■ Work instructions ■
Repeat the listing exactly, minus the pictures.

■ Information provided ■

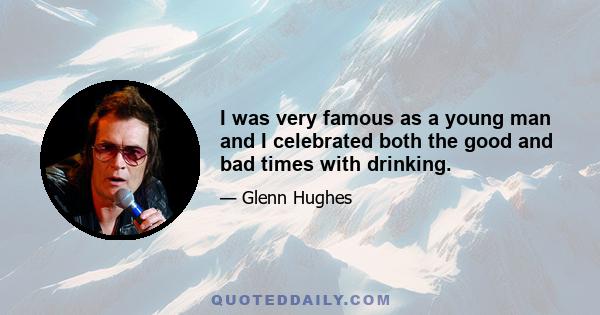 I was very famous as a young man and I celebrated both the good and bad times with drinking.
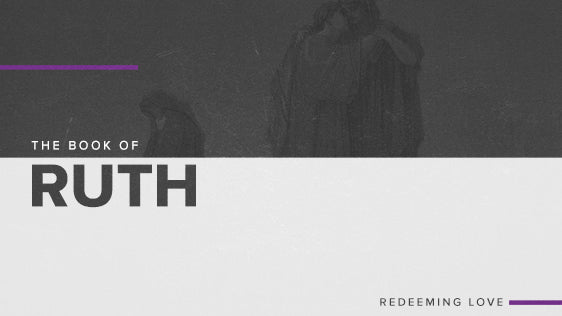 The Book of Ruth: Redeeming Love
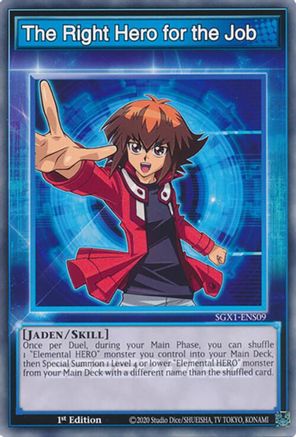 The Right Hero for the Job (SGX1-ENS09) - Speed Duel GX: Duel Academy Box 1st Edition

■ Solution to this task ■
 I was very famous as a young man and I celebrated both the good and bad times with drinking.
 The Book of Ruth: Redeeming Love
 The Right Hero for the Job (SGX1-ENS09) - Speed Duel GX: Duel Academy Box 1st Edition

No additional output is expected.